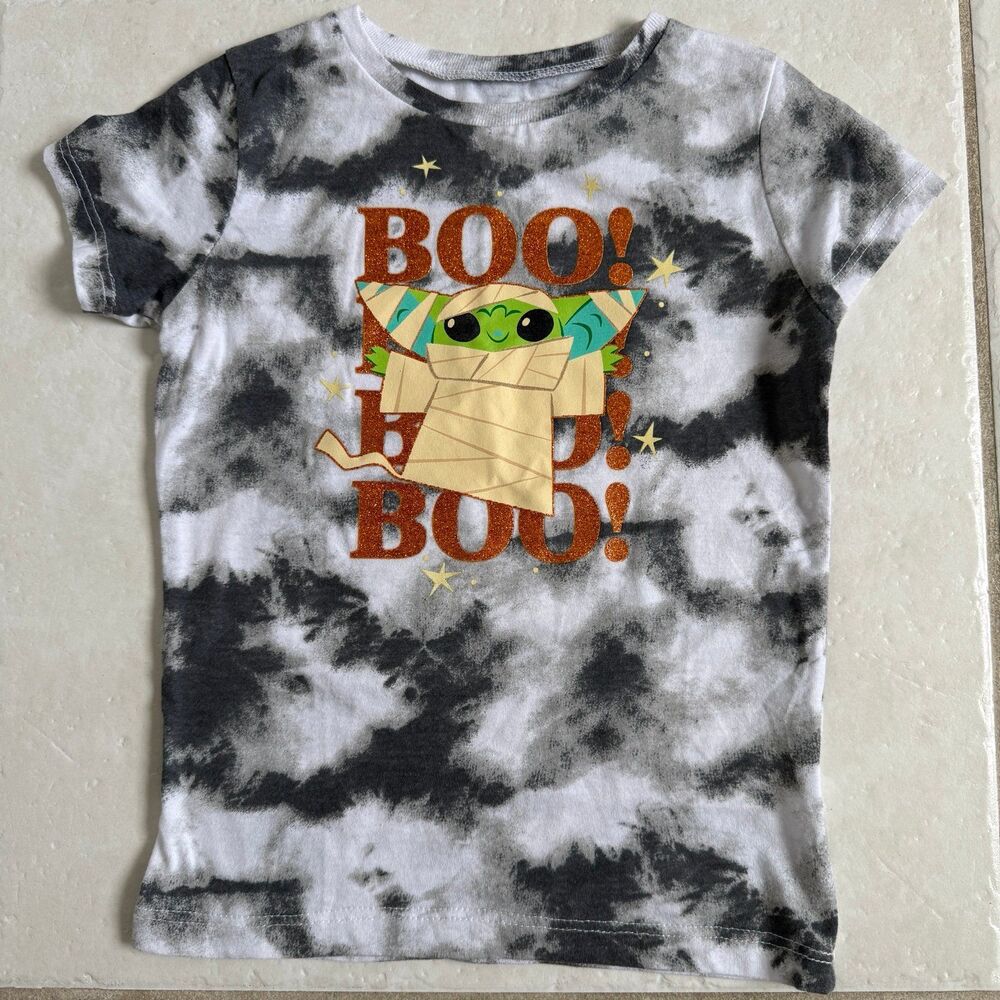 Star Wars Baby Yoda Grogu Mummy Halloween BOO Tie Dye Shirt size 5T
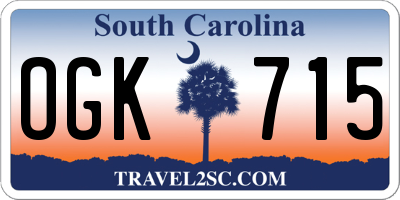 SC license plate OGK715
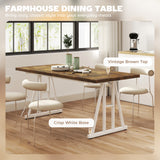 Table de cuisine fermette pour 8, Table à manger rectangulaire avec plateau épais et pieds en acier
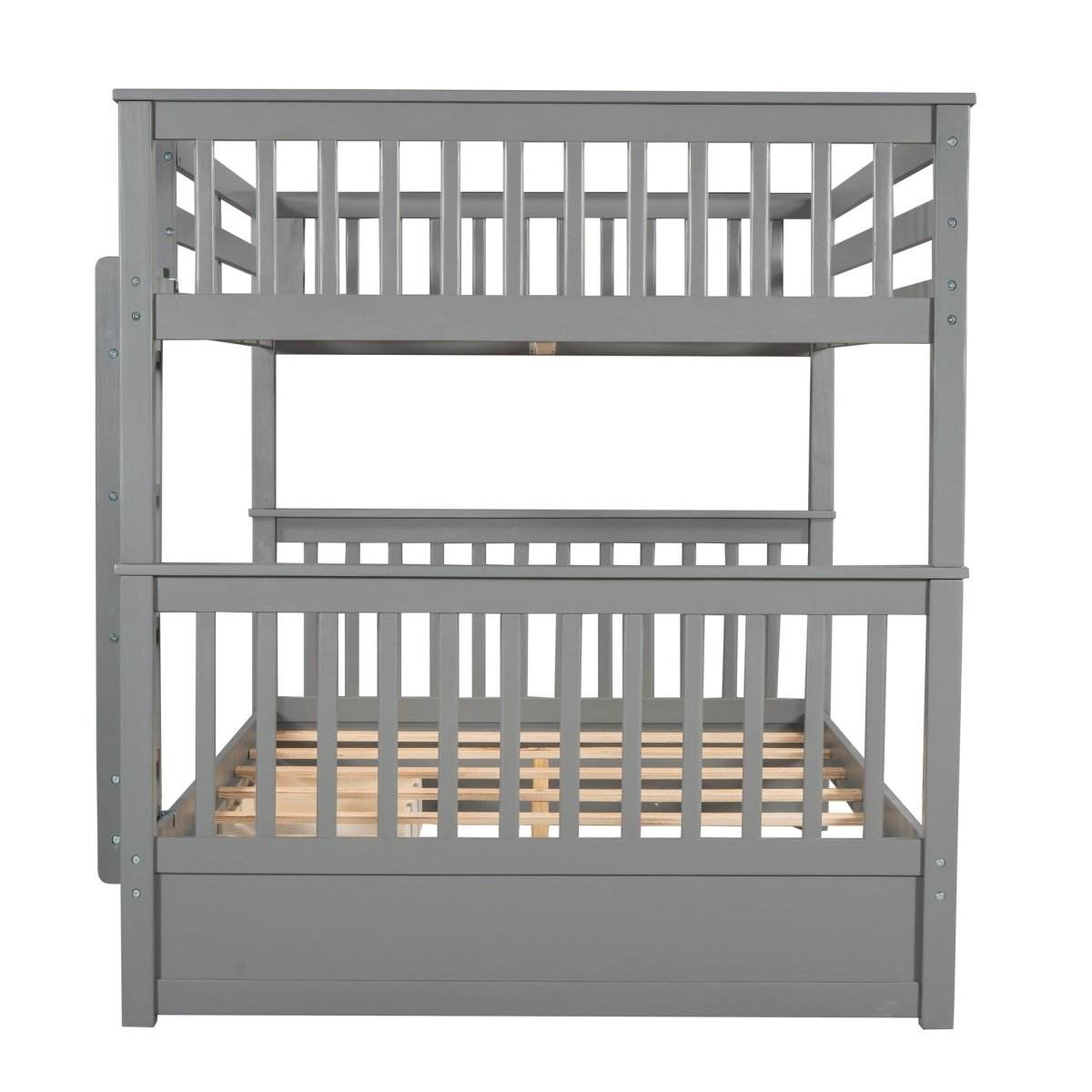 Full-Over-Full Solid Wood Gray Bunk Bed With Storage Drawers - Sleep Galleria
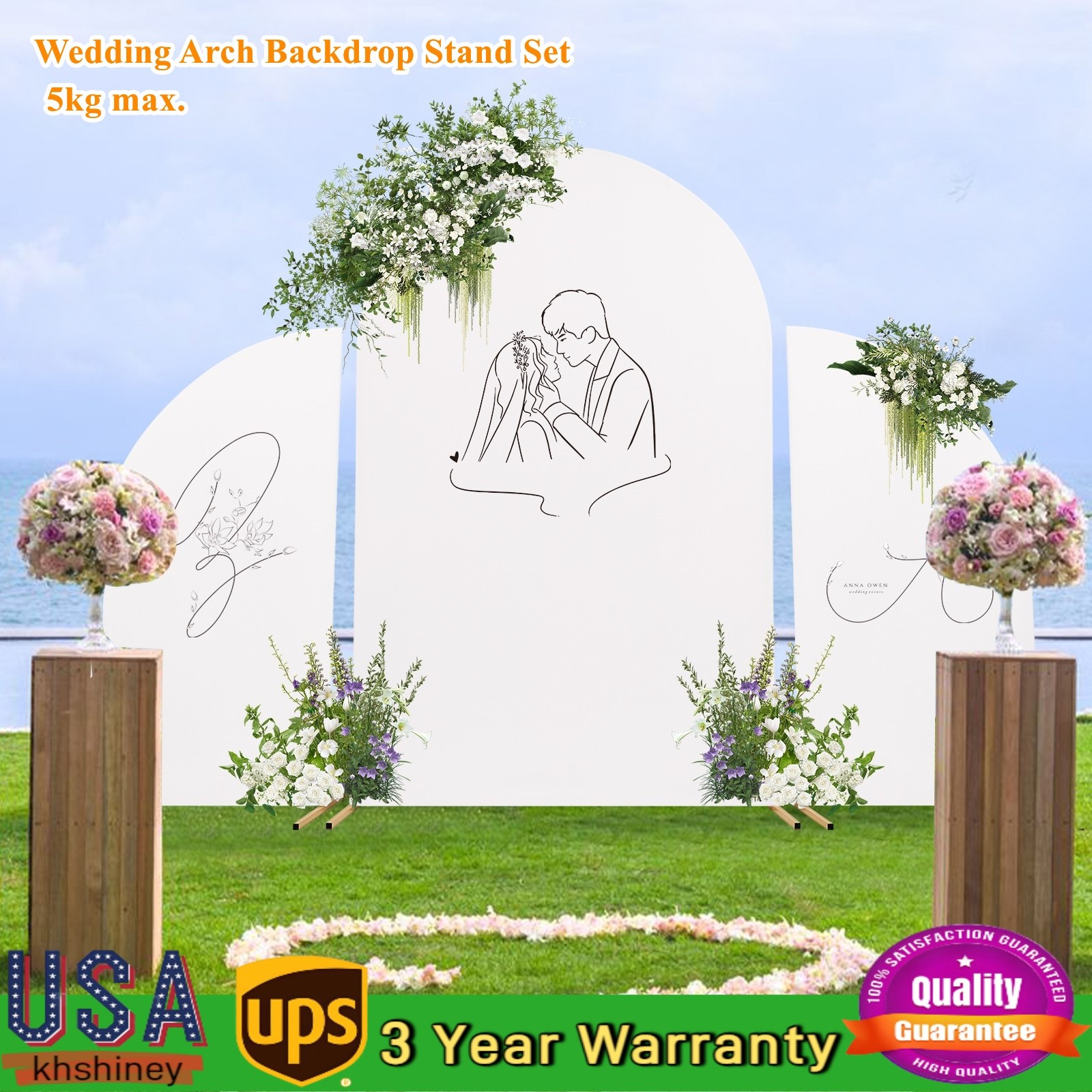 Metal Wedding Stand Backdrop Rack DIY Party Arch Flower Holder with Fabric Cover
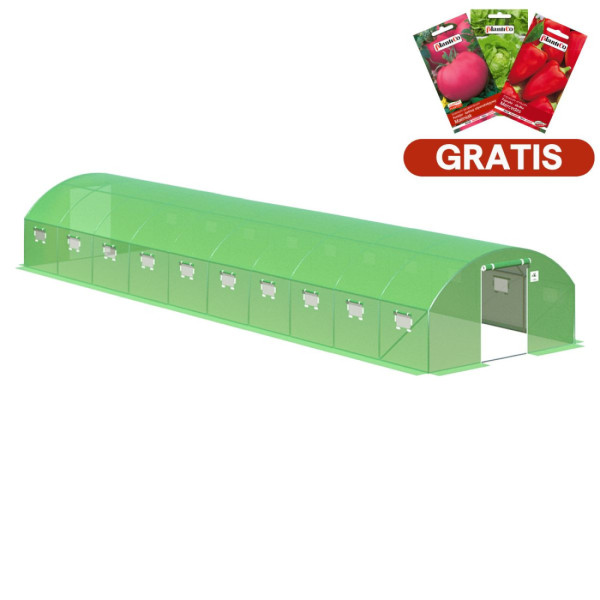 Tunel ogrodowy PODWÓJNE Drzwi 4x10x2 - 40m2 Zielony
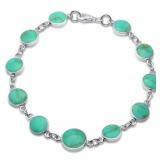 Oval & Round Turquoise Tennis Bracelet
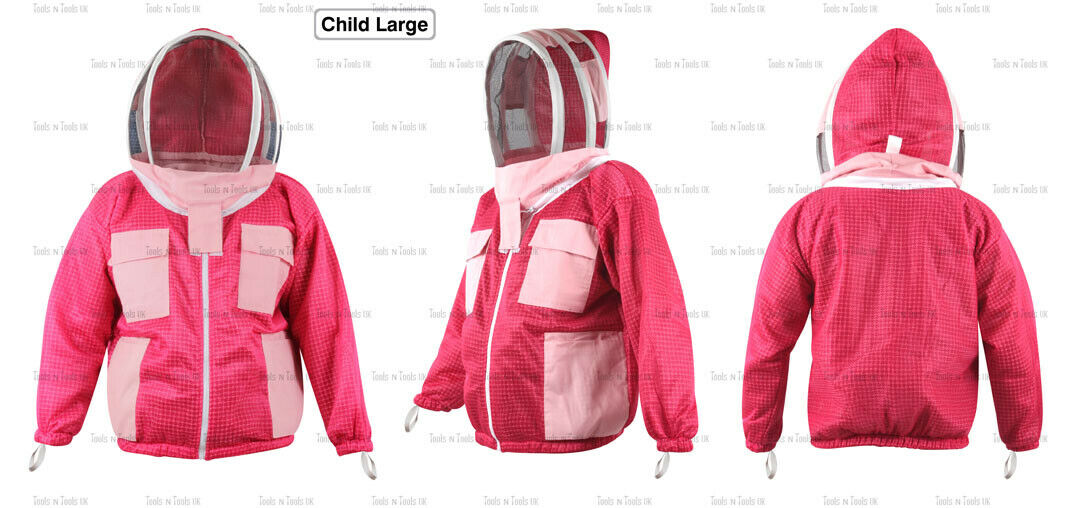PINK-CHILD-SIZE-LARGE-JACKET-THREE-LAYERS-MESH-BEEKEEPING-VENTILATED-COOL-AIR-265038833946
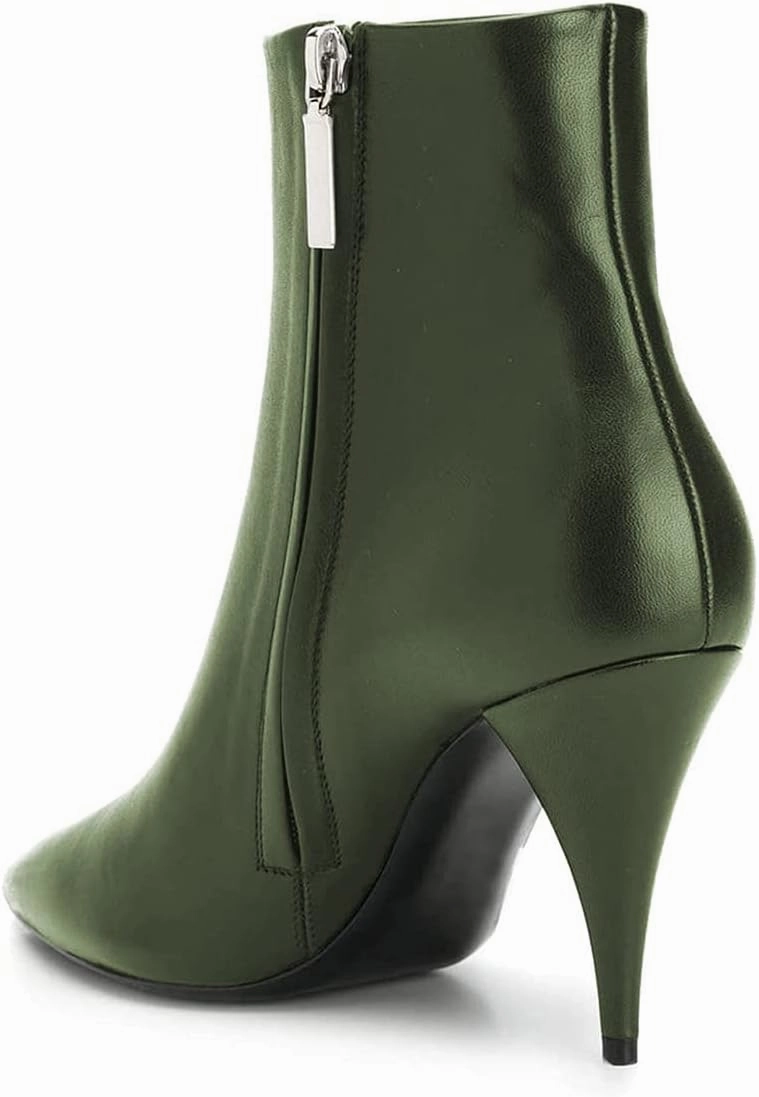 FSJ Women Classic Pointed Toe Ankle Boots High Cone Heel Leather Faux Suede Studded Rhinestones Leopard Short Booties Side Zipper Dress Shoes Size 4-15 US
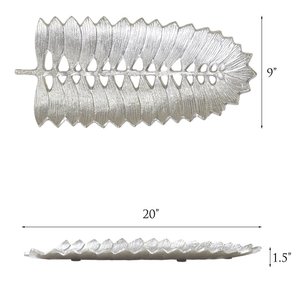 Plato para servir de metal con forma de hoja de gran venta con un diseño moderno elegante y pulido perfecto para servir comida - Product Image 3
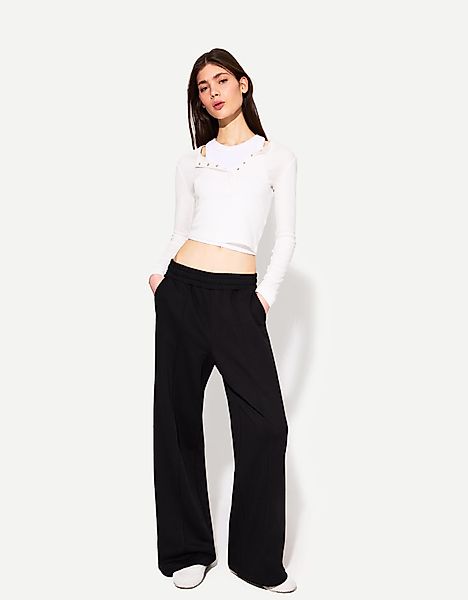 Bershka Wide Leg Hose Aus Plüsch Damen S Schwarz günstig online kaufen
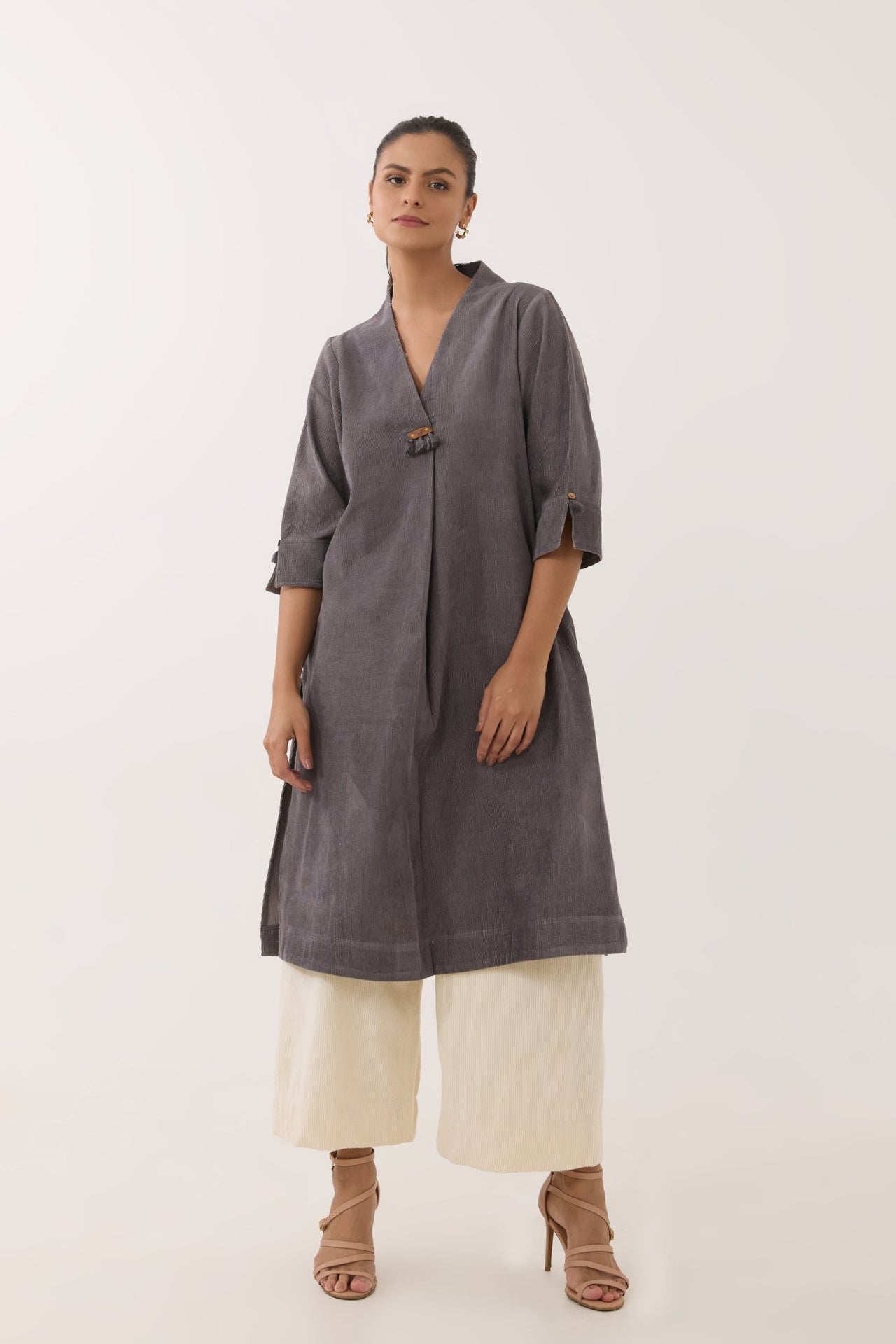 Charcoal Grey Corduroy Wrap Short Dress - Tara - C - Tara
■ ■ ■ ■ ■
Problem requirements
Nothing should be printed except the lines from the one with "Plato para servir" through the last line of the listing above, both ends included; please drop the pictures.

Response to the exercise
 Plato para servir de metal con forma de hoja de gran venta con un diseño moderno elegante y pulido perfecto para servir comida - Product Image 3
 Bershka Wide Leg Hose Aus Plüsch Damen S Schwarz günstig online kaufen
 Charcoal Grey Corduroy Wrap Short Dress - Tara - C - Tara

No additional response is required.